L’initiative a été approuvée avec les votes favorables de toutes les forces politiques, à l’exception de Chega, qui s’est abstenu.

Le texte final, relatif à deux résolutions du PS et du PSD et présenté par la commission des affaires étrangères et des communautés portugaises, recommande que le gouvernement « renforce ses initiatives politiques et diplomatiques avec les institutions compétentes des Nations Unies et des États membres respectifs, dans le sens de mobiliser une aide humanitaire urgente au Mozambique, motivée par les crises successives de climat, de pandémie et de violence armée ».

Les députés recommandent également au gouvernement portugais de renforcer également son action politique et diplomatique « avec l’Union européenne pour la création, par la Commission, d’un fonds fiduciaire pour soutenir la reconstruction du pays ».

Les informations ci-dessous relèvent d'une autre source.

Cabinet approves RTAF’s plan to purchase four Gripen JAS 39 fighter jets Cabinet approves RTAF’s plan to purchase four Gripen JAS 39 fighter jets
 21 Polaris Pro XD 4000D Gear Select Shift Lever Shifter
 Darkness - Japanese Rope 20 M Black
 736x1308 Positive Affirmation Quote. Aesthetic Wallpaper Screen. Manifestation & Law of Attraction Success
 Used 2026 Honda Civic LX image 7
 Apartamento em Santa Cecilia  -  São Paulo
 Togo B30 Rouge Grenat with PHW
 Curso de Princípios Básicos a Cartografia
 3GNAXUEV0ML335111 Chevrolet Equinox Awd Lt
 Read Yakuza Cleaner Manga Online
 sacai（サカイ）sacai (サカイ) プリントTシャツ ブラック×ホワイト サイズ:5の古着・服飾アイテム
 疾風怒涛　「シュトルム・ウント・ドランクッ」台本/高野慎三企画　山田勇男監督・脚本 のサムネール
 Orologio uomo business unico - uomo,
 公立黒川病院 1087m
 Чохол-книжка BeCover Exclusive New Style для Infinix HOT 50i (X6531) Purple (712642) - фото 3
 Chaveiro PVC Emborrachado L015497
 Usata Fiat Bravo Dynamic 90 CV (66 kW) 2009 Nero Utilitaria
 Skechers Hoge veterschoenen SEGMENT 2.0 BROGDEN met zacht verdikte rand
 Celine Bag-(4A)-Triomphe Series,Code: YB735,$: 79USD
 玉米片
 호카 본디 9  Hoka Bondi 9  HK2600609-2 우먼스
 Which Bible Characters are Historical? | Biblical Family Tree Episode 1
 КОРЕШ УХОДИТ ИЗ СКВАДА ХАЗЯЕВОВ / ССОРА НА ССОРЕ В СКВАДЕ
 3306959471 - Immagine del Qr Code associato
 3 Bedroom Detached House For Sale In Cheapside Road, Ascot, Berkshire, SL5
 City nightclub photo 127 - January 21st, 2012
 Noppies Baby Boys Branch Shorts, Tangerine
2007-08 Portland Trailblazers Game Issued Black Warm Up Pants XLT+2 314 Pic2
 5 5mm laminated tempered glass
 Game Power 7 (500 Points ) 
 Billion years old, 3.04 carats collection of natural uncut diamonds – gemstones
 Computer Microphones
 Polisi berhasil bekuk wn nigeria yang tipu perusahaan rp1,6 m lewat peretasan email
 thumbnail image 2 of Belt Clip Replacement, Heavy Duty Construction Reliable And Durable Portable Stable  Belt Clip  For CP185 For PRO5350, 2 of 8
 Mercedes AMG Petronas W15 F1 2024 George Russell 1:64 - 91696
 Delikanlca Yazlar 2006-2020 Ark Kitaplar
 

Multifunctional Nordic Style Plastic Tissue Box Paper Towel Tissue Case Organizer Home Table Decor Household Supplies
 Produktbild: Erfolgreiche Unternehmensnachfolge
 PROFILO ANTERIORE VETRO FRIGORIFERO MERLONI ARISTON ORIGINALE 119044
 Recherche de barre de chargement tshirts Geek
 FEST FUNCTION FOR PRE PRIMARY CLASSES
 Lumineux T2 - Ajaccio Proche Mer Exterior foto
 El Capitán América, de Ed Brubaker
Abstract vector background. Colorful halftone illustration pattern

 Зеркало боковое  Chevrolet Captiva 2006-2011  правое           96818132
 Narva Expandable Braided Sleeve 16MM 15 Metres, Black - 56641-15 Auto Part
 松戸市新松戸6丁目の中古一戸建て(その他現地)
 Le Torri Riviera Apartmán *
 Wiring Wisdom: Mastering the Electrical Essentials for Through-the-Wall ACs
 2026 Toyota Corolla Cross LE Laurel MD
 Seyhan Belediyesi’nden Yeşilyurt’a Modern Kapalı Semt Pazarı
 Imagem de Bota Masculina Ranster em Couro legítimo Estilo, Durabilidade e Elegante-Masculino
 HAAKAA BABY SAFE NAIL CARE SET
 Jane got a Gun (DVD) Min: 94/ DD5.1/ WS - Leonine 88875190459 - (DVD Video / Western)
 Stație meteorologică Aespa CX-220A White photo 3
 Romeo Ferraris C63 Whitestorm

En cours de route, pendant la période de vote régimentaire, il y avait deux projets de résolution du BE et du PEV qui recommandaient au gouvernement portugais la «reconnaissance de l’État de Palestine, avec les frontières avant la guerre des Six Jours de 1967».

Les projets, votés ensemble, ont été rejetés avec des voix contre par le PS, PSD, CDS-PP, Chega, Iniciativa Libéral et en faveur de BE, PCP, PAN, PEV, la députée non-inscrite Cristina Rodrigues et six députés du PS : Miguel Matos , Carla Sousa, Joana Sá Pereira, Maria Begonha, Joël Gomes et Filipe Pacheco.

« Depuis 1948, la dépossession du peuple palestinien de ses terres et de ses ressources par l’État d’Israël a dévasté cette région du Moyen-Orient avec une succession de guerres d’occupation et de contrôle de territoire qui ont fait des centaines de milliers de réfugiés et causé la mort de milliers de civils, maintenant le monde dans un état de tension constant », lit-on dans le texte présenté par BE.

Les bloquistes soulignent qu’« à ce jour, 138 des 193 États membres des Nations Unies (ONU) et deux États non membres reconnaissent l’État de Palestine, qui a également le statut d’État observateur de l’Assemblée générale des Nations Unies depuis son approbation de Résolution 67/19, de novembre 2012 ».

« Cependant, la non-reconnaissance du droit à l’autodétermination et de la viabilité du statut indépendant de la Palestine par des dizaines de pays, dont le Portugal, a constitué un obstacle à la construction d’une solution pacifique durable pour la région », déplorent-ils. .

Selon BE, « l’appartenance à des organisations telles que l’Union européenne ne doit pas constituer un obstacle, mais une incitation, pour le Portugal à assumer pleinement la défense du droit à la constitution du peuple palestinien en tant qu’État », le Portugal « prenant une rôle actif dans la défense du peuple palestinien et reconnaissant enfin l’État de Palestine aux frontières avant la guerre des Six Jours de 1967, respectant ainsi les règles du droit international qui ont longtemps été clarifiées et toujours violées ».

Pour le PEV, il est « incontestable qu’il est urgent de consacrer l’existence de l’État de Palestine, le retrait d’Israël de tous les territoires occupés, le démantèlement des colonies et le retour des réfugiés, tels qu’établis par les différentes résolutions du l’Assemblée et le Conseil de sécurité des Nations Unies ».

« Dans le plein usage de ses pouvoirs et compétences constitutionnels, en tant qu’État souverain, le Gouvernement doit reconnaître l’État de Palestine et l’Assemblée de la République doit, d’une manière claire, objective et directe, recommander au Gouvernement qu’il soit déjà et inconditionnellement reconnaître l’État de Palestine », défendu dans le texte qui a fini par être rejeté.

Le conflit israélo-palestinien remonte à la fondation de l’État d’Israël, dont l’indépendance a été proclamée le 14 mai 1948.